A performance comparison in terms of P and I is shown in Fig. 1. The lower bound, assuming perfect knowledge of \(\tau _{r,i}\)’s prior to the LS step (termed ‘Known delays’) is also shown. JAtomSR shows significant performance gain over AtomSR due to the utilization of the common support assumption, and its performance is very close to the lower bound. The improvement is highest in regions where P is small and/or I is high, and as P increases or I decreases the improvement decreases.
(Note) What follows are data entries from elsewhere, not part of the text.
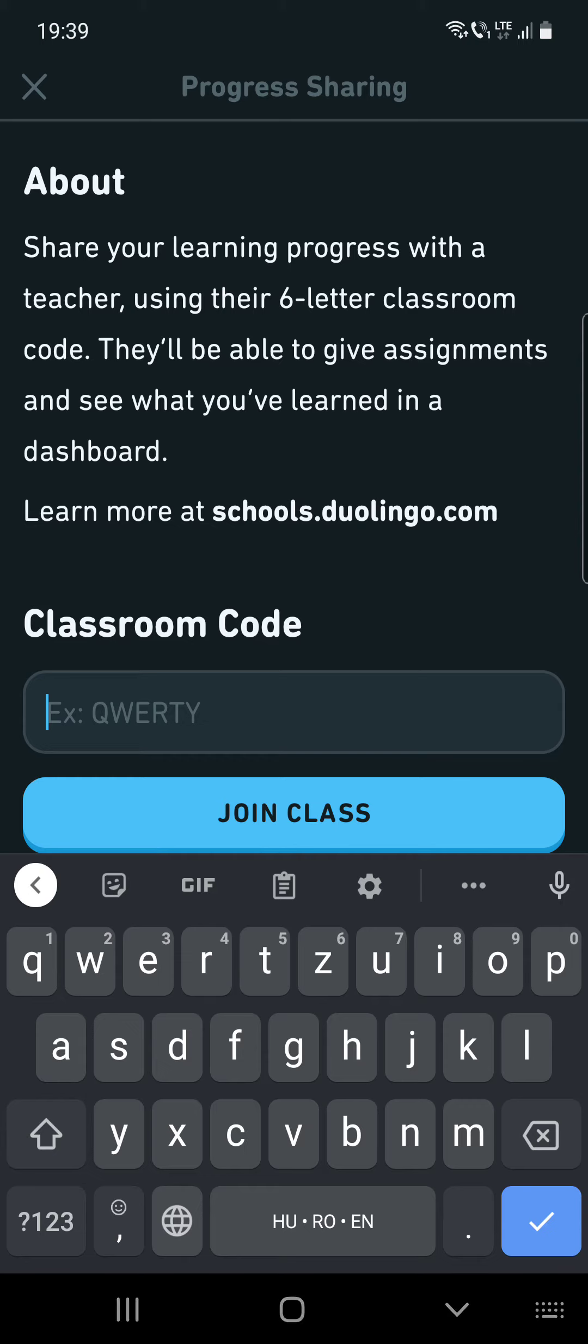And then you can share your progress. So if your teacher is using Duolingo for assessment and to give you assignments, then you can share your progress and prove your progress to your teacher in this way.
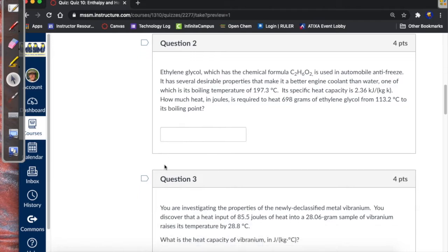Question two, we actually get into the science. This is asking about ethylene glycol, and we say that it's got a boiling temperature. It gives us a heat capacity, so this is probably a heat capacity problem. It's asking us the heat required to change the temperature — to heat 698 grams from 113.2 degrees to its boiling point, which is given.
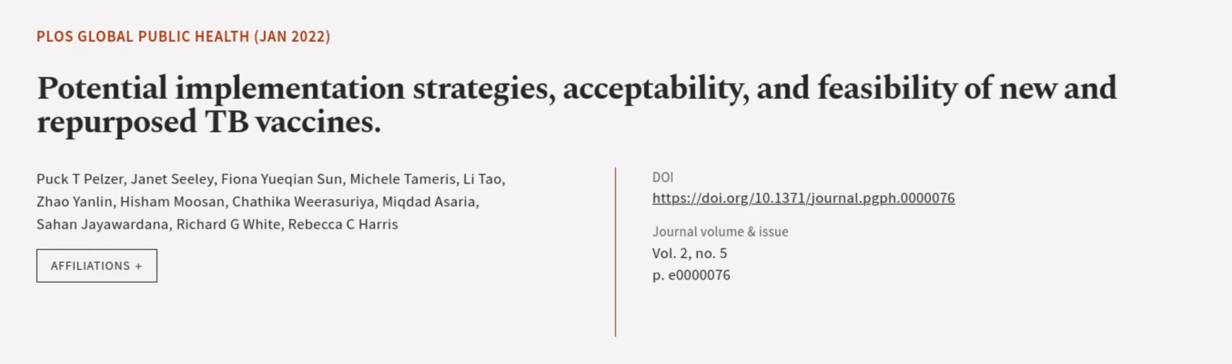This article was authored by Pak T Pelzer, Janet Seeley, Fiona Yu Qian Sun, and others.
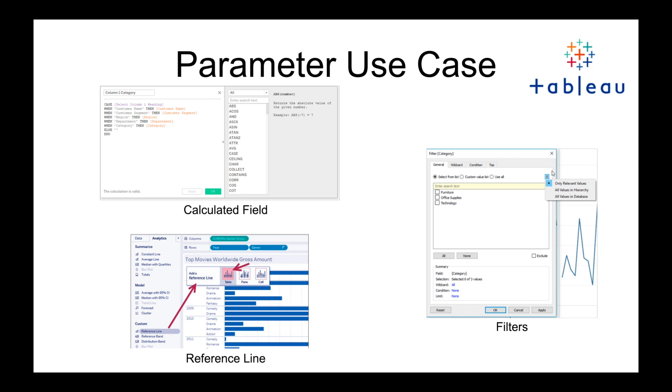Parameters are, I like to think of them as variables. They can be a single variable such as an integer or float, or they can be a list of different items, and we can use those things in three different ways within Tableau. We can use them within calculated fields, within reference lines, and also within filters.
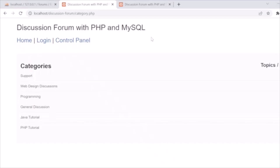Hello guys, welcome back. In this tutorial I'm going to tell you how you can develop a discussion forum system using PHP and MySQL. You have seen there are a lot of forums like these on websites — they have a discussion section for discussing products, discussing many topics. So here we are going to develop something like that.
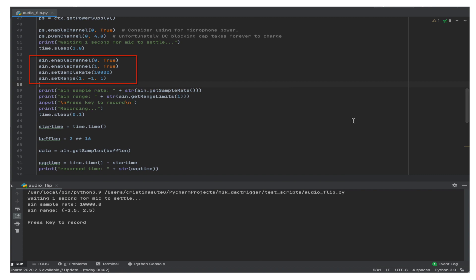Then, we enable the two analog inputs and configure their sample rate and range. After selecting the length of the recording, we capture actual data using the GetSamples function. It may sound like gibberish now, but it will make sense once we flip it.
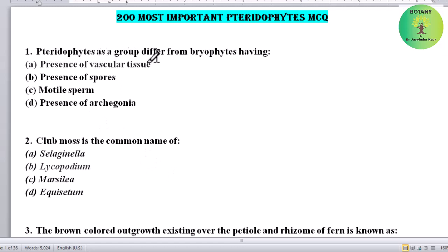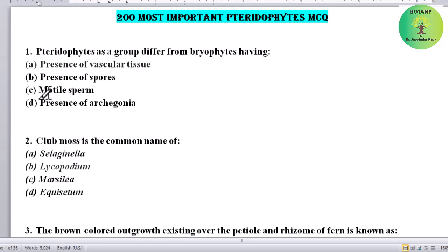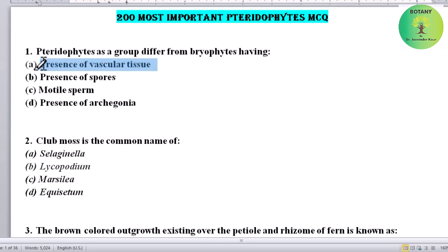Pteridophytes as a group differ from bryophytes. How are pteridophytes different from bryophytes? Options: presence of vascular tissue, presence of spores, motile sperm, presence of archegonia. Correct answer is presence of vascular tissues — vascular tissues are present in pteridophytes.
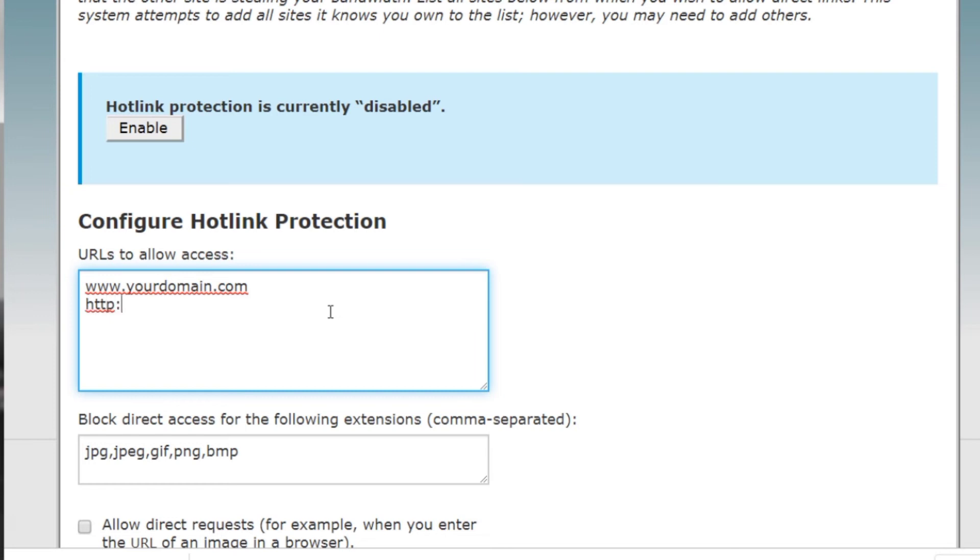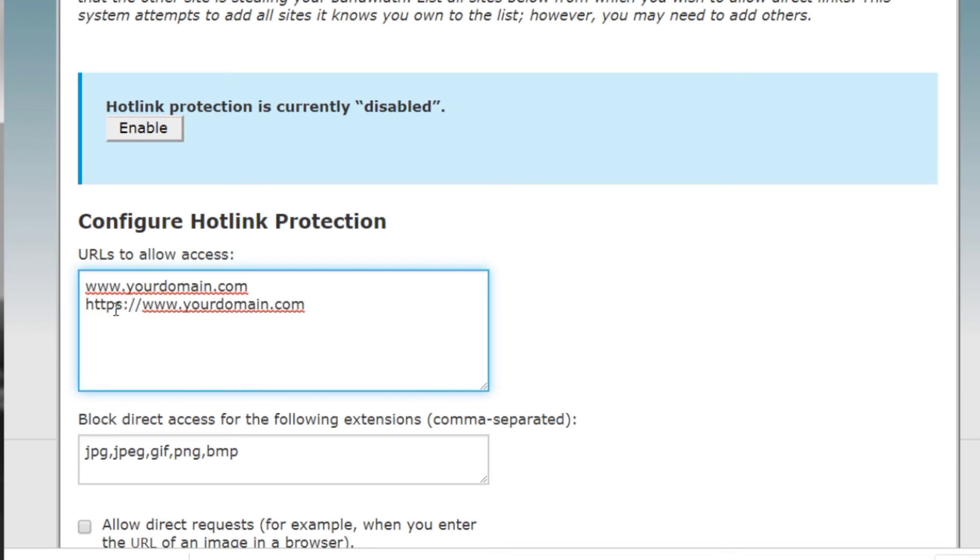colon slash and then we're going to copy this over, yourdomain.com, just in case somebody links the http version or without the http version. Now if you use https, you might want to do that. Now what other URLs would you want to allow access to? So maybe you have a sister site, yoursistersite.com, and you want to allow your sister site to access the images, the videos, the audios.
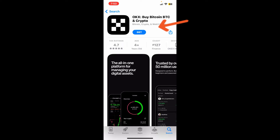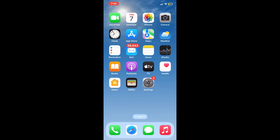In order to get the application downloaded on your device, tap on the Get button. OKX is a cryptocurrency exchange that offers trading services for a variety of digital assets including Bitcoin, Ethereum, and many other cryptocurrencies. Within a few minutes, you'll be able to get the application downloaded on your preferred device.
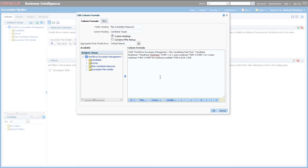That brings to an end this third video, which has looked in quite a lot of detail at how to set up dashboard prompts and conditions for different use cases — where all reports are on a single subject area linked to a single dashboard prompt, or more complex situations using multiple subject areas and different techniques. We then finished with a quick look at filtering metrics, applying time-based conditions, and using case statements. You're now ready to move on to the fourth video.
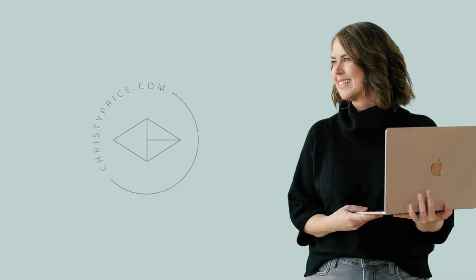If we haven't met, I'm Christy Price. I'm a Squarespace expert and educator. And if you haven't grabbed my Squarespace prelaunch checklist and you're building Squarespace websites, you're going to want to grab that. I'll drop a link below.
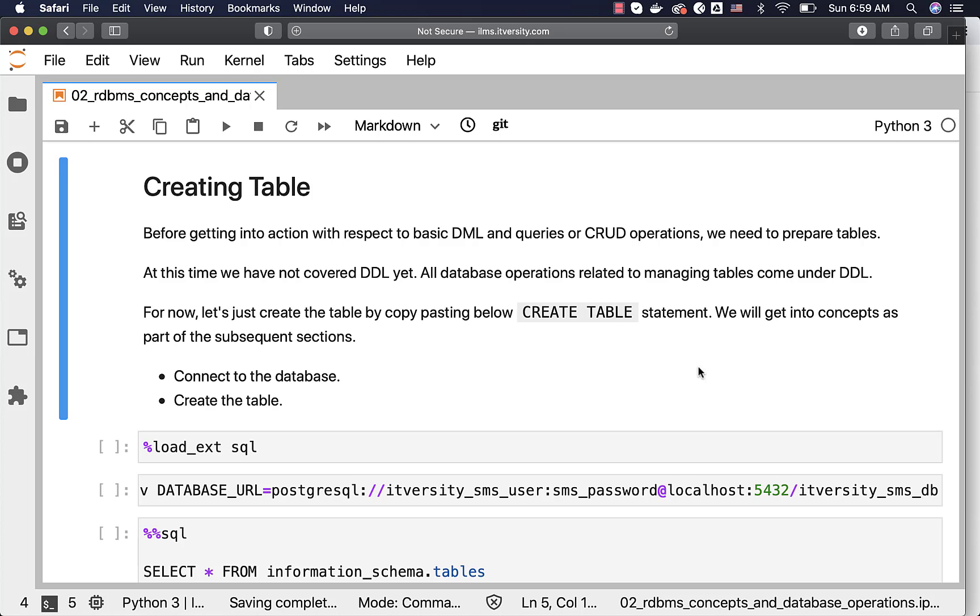Before getting into action with respect to basic DML and queries or CRUD operations, we need to prepare tables. At this time, we have not covered DDL yet. All database operations related to managing tables come under DDL. For now, let's just create the table by copy pasting or using the CREATE TABLE statement. We'll get into concepts related to DDL as part of the subsequent sections.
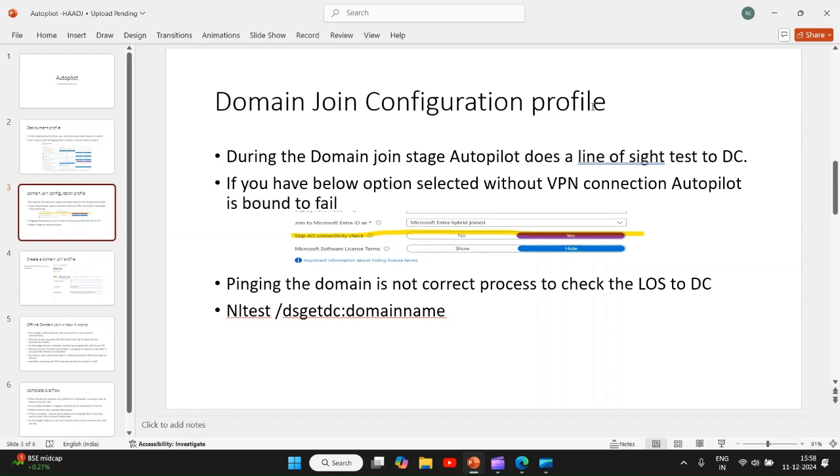During the domain join, which is on-prem Active Directory, autopilot does a line of sight test to domain controller server.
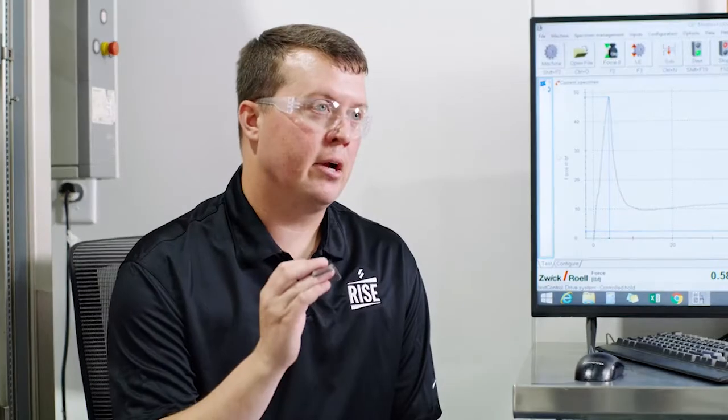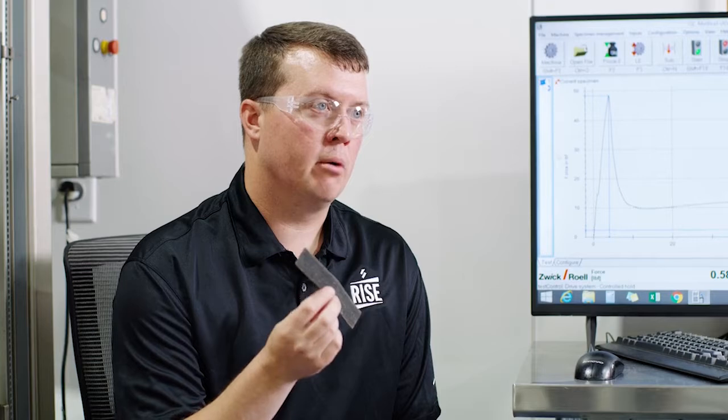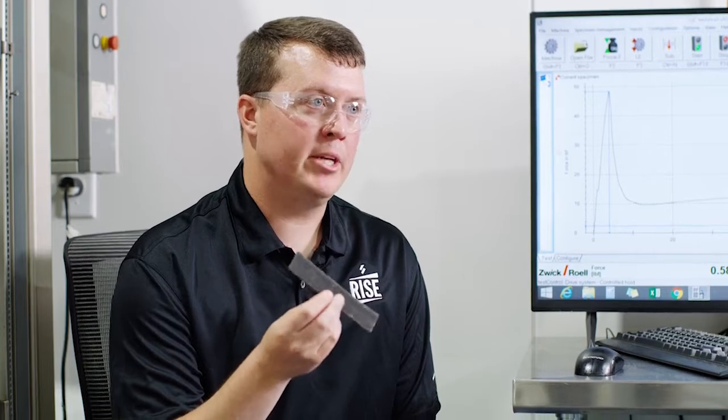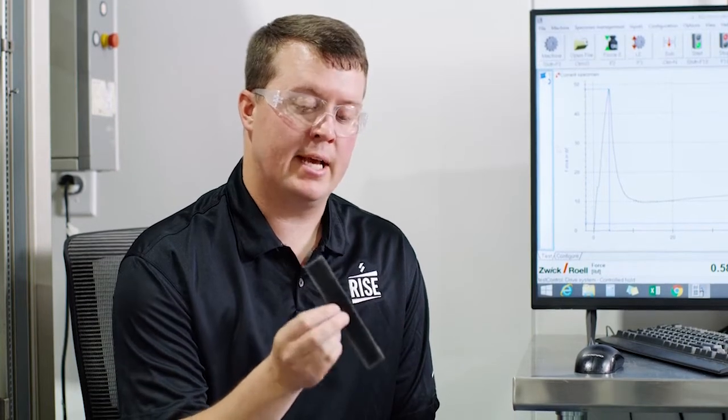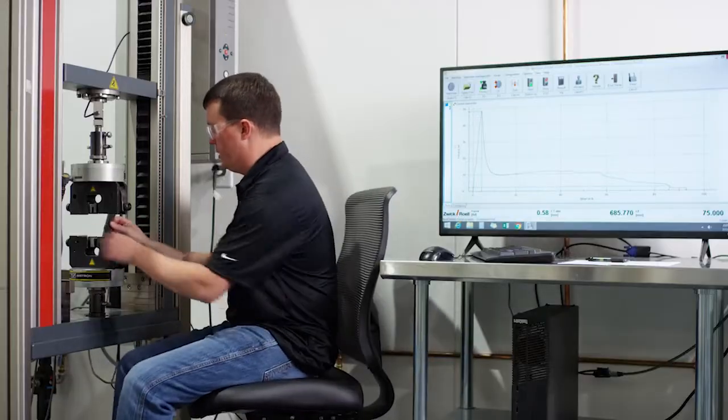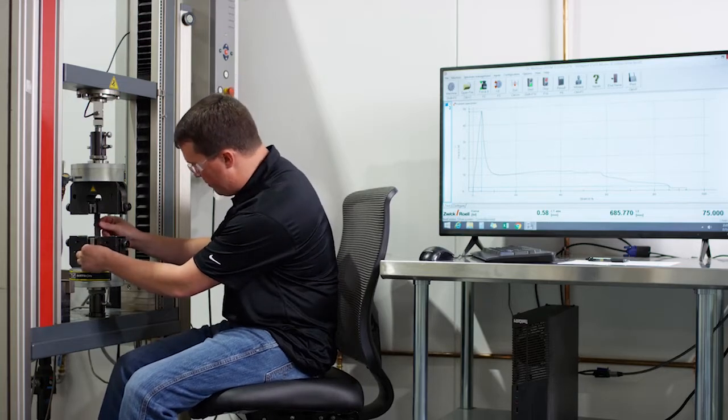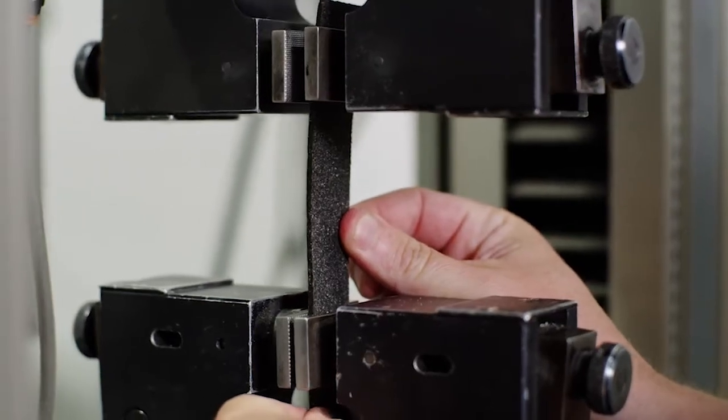I have a sample of Peridene 20 TG, it's one of our modified bitumen base sheets. This has a fiberglass reinforcement in it. So I'm going to load the sample into the unit here, two sets of jaws.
By comparing Full LS and JAtomSR in Fig. 1(b) we conclude that exploiting the channel sparsity leads to reduced MSE even when low number of pilot subcarriers are used. It should be noted that the Full LS algorithm has low complexity, negligible compared to JAtomSR.

Fig. 1.
figure 1

The MSE in terms of P and I at \(10\log _{10}\frac{1}{\sigma _n^2} = 10 dB\), \(N_r=5\)

Fig. 2.
figure 2

The MSE in terms of \(N_r\) and the inverse noise power at \(P=32\)

Performance comparison in terms of \(N_r\) and the inverse noise power \(10\log _{10}\frac{1}{\sigma _n^2}\) is shown in Fig. 2. The improvement of JAtomSR over AtomSR, shown in Fig. 2(a), increases as \(N_r\) increases, but the improvement slope is highest for \(N_r=2\) and decreases with the increase of \(N_r\). Figure 2(b) shows that the improvement of JAtomSR compared to AtomSR is almost constant for broad range of inverse noise powers. However, in the high inverse noise power region the performance of AtomSR becomes comparable to and even better than the performance of JAtomSR. In this region, using the common support assumption does not help anymore. Namely, here the noise power is very low and AtomSR is capable of estimating the \(\tau _{r,i}\) with such a precision that the evaluated different delays at different antennas, associated with the same scatterer, significantly decrease the MSE. The complexity analysis of JAtomSR is left for future work.

4 Conclusion

We proposed the use of atomic norm in the estimation of sparse time dispersive SIMO channels with common support in pilot aided OFDM systems. The proposed algorithm uses specific subsampled subcarrier pilot allocation scheme and is based on the atomic norm minimization of the Multiple Measurement Vector model to jointly estimate the delays of the paths at different antennas, corresponding to the same scatterer. The simulation results show that the performance improvement compared to the algorithm that does not use the common support assumption, increases with the increase of the number of receive antennas and is significant in the low to medium SNR region. At high SNR the common support assumption does not hold and the performance of the proposed algorithm degrades. The proposed algorithm can be also used in a MIMO OFDM system, where specific orthogonal pilot patterns are used in the different OFDM symbols of the training sequence, which allows the estimation of the channels between any transmit and each receive antenna.